(Dataset extract begins)

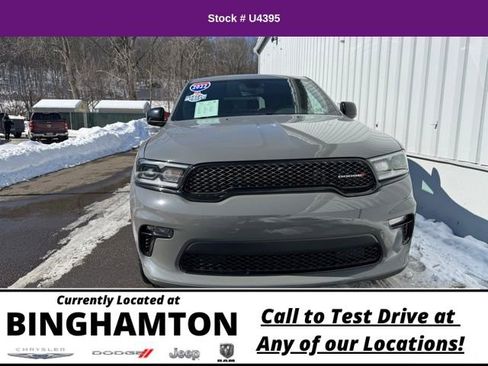 Used 2022 Dodge Durango SXT w/ Blacktop Package image 4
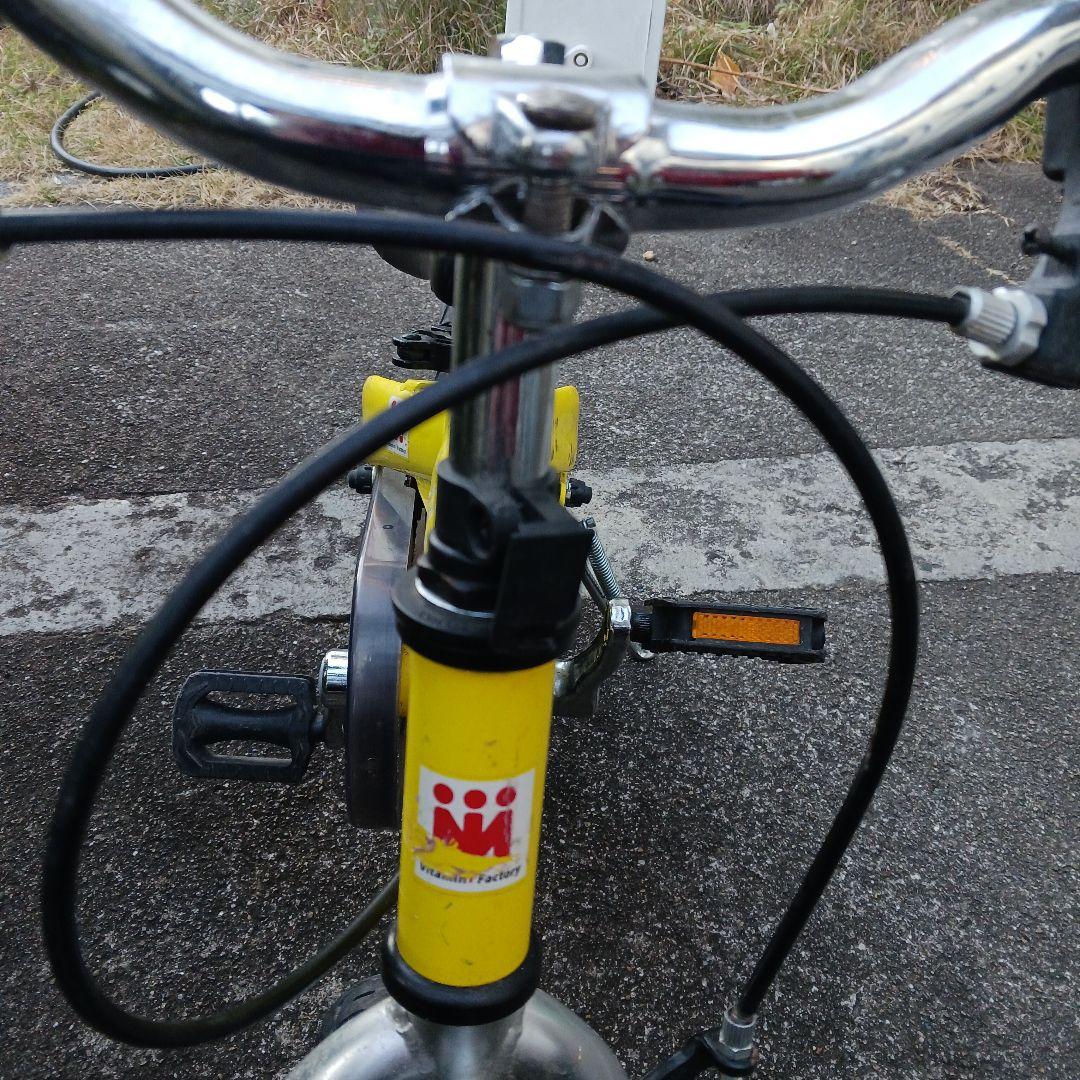 へんしんバイク　12インチ　イエロー　スタンド付き　工具付き　仙台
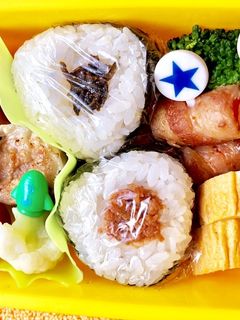 おにぎり弁当-レシピのメイン写真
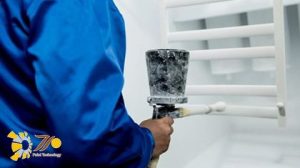 Thông tin so sánh sơn tĩnh điện và sơn 2 thành phần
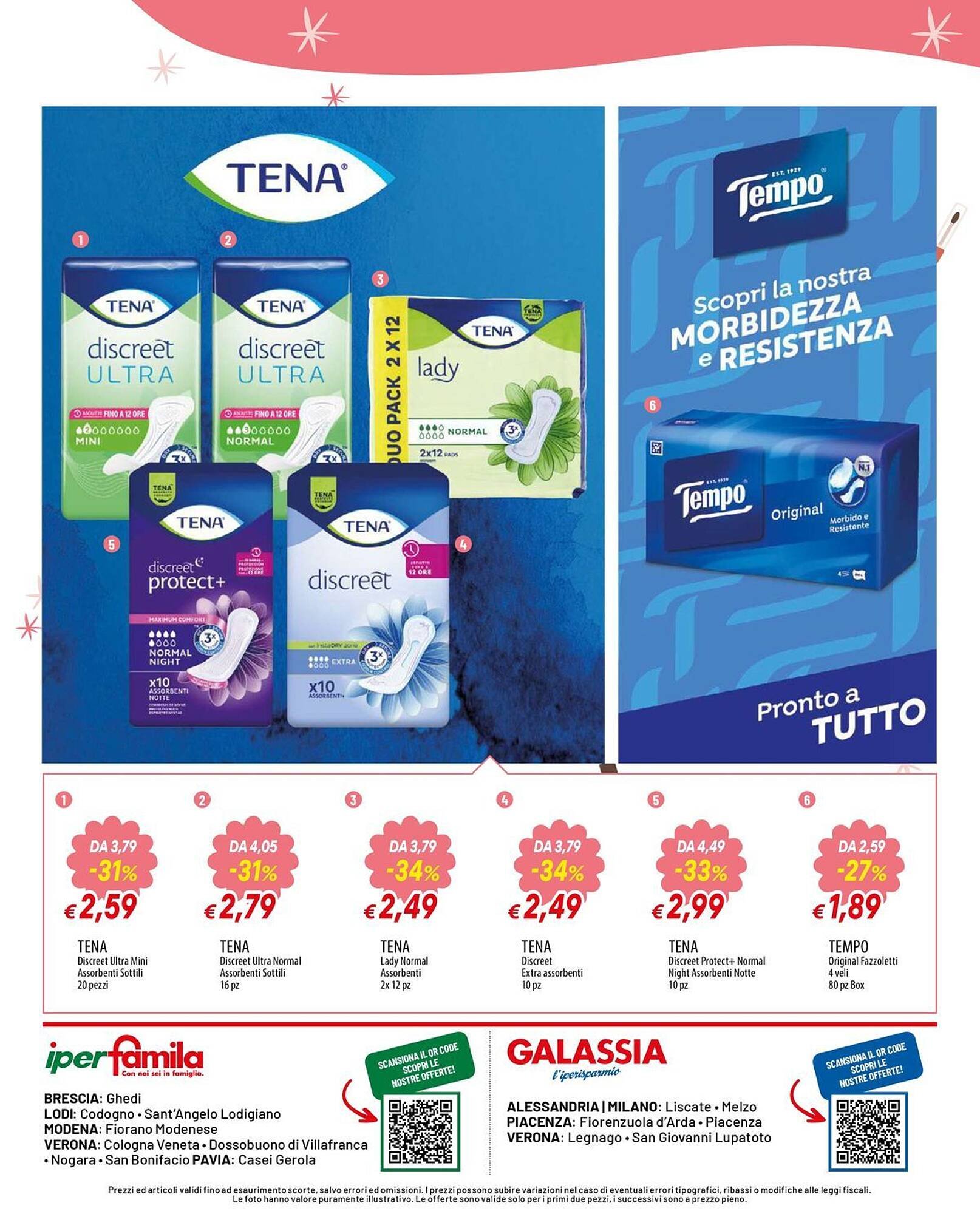 Volantino Galassia (2026-04-23 - 2026-05-13)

(Dataset extract ends)

[Task goal]
Copy every record exactly, leaving the pictures out.

[Expected answer]
 Used 2022 Dodge Durango SXT w/ Blacktop Package image 4
 へんしんバイク　12インチ　イエロー　スタンド付き　工具付き　仙台
 おにぎり弁当-レシピのメイン写真
 Thông tin so sánh sơn tĩnh điện và sơn 2 thành phần
 Volantino Galassia (2026-04-23 - 2026-05-13)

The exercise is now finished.